Problem description:
Only lines with the string "Rose" are wanted. Pull them out of the data.

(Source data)

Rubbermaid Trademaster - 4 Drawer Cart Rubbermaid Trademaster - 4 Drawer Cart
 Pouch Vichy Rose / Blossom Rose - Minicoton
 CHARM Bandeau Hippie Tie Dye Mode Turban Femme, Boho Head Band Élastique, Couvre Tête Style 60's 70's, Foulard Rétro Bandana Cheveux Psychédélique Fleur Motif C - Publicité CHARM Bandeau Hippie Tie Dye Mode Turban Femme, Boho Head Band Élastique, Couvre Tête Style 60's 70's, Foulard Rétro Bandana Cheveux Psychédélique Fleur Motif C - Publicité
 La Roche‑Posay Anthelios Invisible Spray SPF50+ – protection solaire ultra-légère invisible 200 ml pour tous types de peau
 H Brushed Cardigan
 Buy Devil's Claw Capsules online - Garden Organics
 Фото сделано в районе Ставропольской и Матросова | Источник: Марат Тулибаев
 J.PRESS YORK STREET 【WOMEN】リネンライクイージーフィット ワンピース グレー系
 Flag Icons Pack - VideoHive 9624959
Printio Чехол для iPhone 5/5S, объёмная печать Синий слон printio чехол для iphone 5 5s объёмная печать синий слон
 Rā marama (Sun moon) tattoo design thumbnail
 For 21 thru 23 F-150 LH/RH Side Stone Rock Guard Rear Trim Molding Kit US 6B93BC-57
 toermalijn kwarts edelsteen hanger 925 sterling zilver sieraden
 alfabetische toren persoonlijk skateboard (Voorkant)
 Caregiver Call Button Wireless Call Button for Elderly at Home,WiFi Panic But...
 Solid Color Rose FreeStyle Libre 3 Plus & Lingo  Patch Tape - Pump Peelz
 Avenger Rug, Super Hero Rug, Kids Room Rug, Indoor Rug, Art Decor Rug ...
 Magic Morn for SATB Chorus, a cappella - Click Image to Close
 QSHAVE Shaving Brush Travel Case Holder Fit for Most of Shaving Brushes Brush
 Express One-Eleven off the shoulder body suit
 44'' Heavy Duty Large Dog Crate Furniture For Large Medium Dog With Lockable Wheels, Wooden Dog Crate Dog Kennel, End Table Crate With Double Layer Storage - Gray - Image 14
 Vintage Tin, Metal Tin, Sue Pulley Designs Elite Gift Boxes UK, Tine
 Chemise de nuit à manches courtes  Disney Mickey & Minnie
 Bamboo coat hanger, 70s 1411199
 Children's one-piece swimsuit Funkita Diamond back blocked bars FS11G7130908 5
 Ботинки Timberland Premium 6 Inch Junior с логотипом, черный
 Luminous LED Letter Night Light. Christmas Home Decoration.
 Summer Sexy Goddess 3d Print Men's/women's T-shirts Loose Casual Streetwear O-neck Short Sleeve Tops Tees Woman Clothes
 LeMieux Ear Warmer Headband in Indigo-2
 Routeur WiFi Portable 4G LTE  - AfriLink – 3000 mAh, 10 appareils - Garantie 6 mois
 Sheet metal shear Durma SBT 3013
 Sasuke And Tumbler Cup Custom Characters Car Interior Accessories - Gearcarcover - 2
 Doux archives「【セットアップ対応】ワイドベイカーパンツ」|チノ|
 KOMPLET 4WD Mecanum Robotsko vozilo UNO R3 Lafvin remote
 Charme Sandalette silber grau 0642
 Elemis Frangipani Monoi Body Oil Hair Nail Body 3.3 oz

Result:
 Pouch Vichy Rose / Blossom Rose - Minicoton
 Solid Color Rose FreeStyle Libre 3 Plus & Lingo  Patch Tape - Pump Peelz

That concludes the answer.